(Your objective) Copy the material below verbatim from the line with "fixation verso cordon" to the line with "トロにあるPorto Assiniのベッド2台と窓が備わるホテルルームです。", both lines included, omitting pictures and every line outside that range.
======== Data listing ========
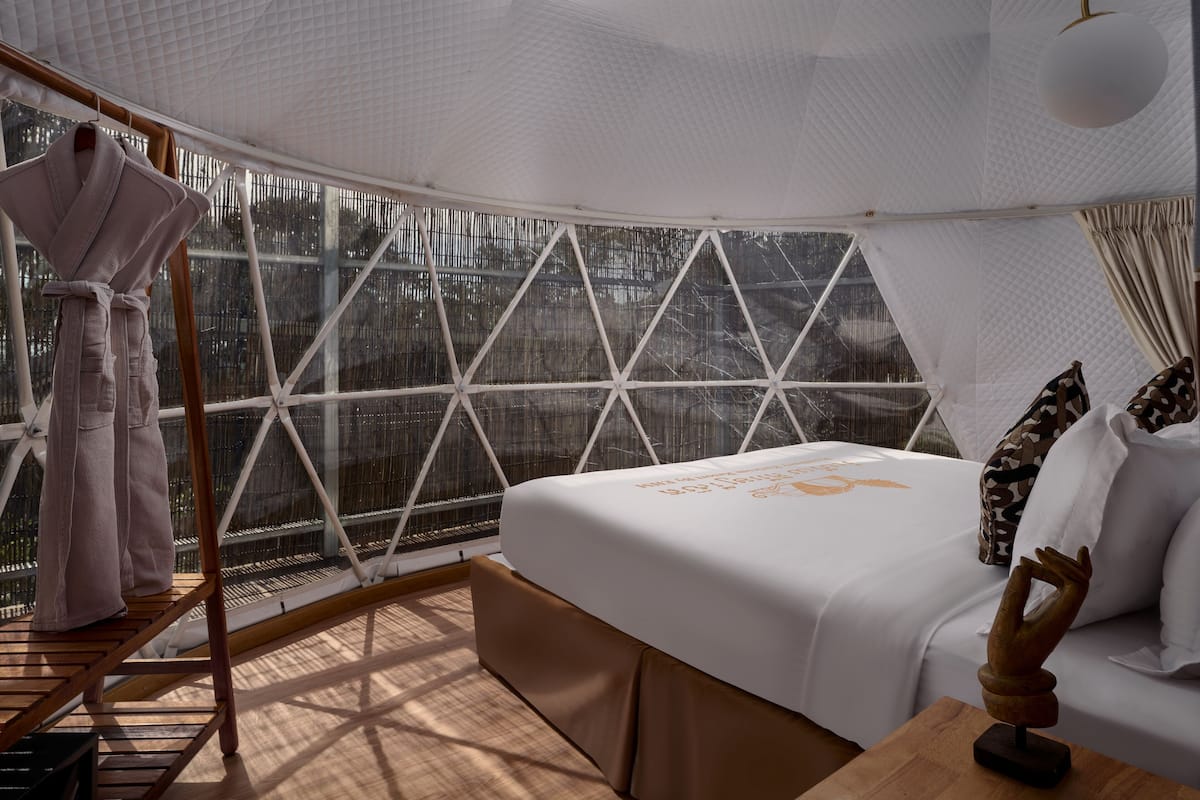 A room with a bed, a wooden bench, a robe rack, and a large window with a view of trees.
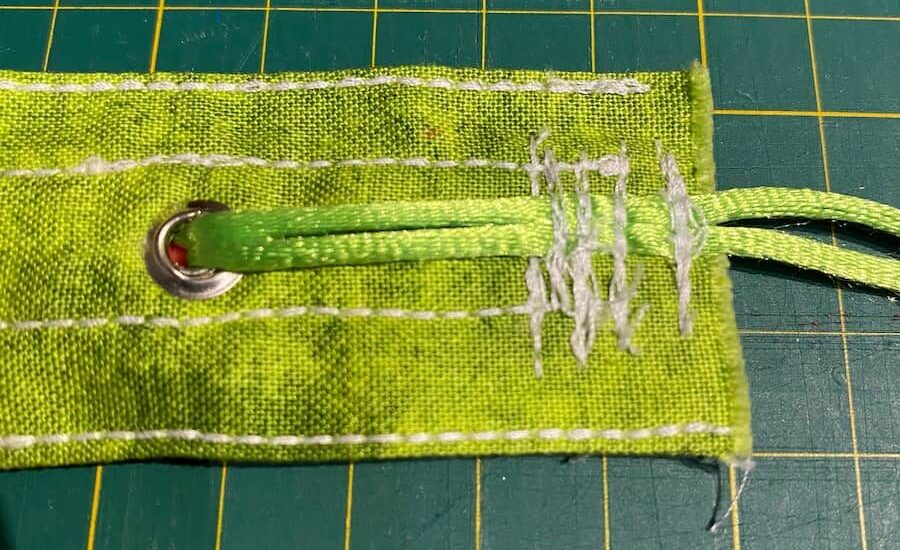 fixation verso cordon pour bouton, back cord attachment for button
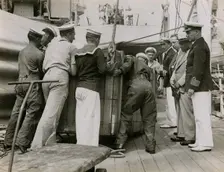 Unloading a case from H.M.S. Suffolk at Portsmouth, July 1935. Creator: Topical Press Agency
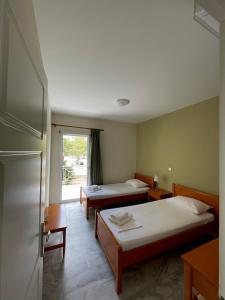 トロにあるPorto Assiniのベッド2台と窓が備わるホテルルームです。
========
======== Data listing ========
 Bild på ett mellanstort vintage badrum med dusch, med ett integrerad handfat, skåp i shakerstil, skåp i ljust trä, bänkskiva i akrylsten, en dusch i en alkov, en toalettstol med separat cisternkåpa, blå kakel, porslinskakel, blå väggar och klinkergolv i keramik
========
======== Data listing ========
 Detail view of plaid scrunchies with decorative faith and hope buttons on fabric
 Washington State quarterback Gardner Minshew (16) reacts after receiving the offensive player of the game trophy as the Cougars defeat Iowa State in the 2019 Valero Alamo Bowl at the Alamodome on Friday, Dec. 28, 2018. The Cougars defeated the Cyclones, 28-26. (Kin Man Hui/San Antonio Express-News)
========
(Task answer)
 fixation verso cordon pour bouton, back cord attachment for button
 Unloading a case from H.M.S. Suffolk at Portsmouth, July 1935. Creator: Topical Press Agency
 トロにあるPorto Assiniのベッド2台と窓が備わるホテルルームです。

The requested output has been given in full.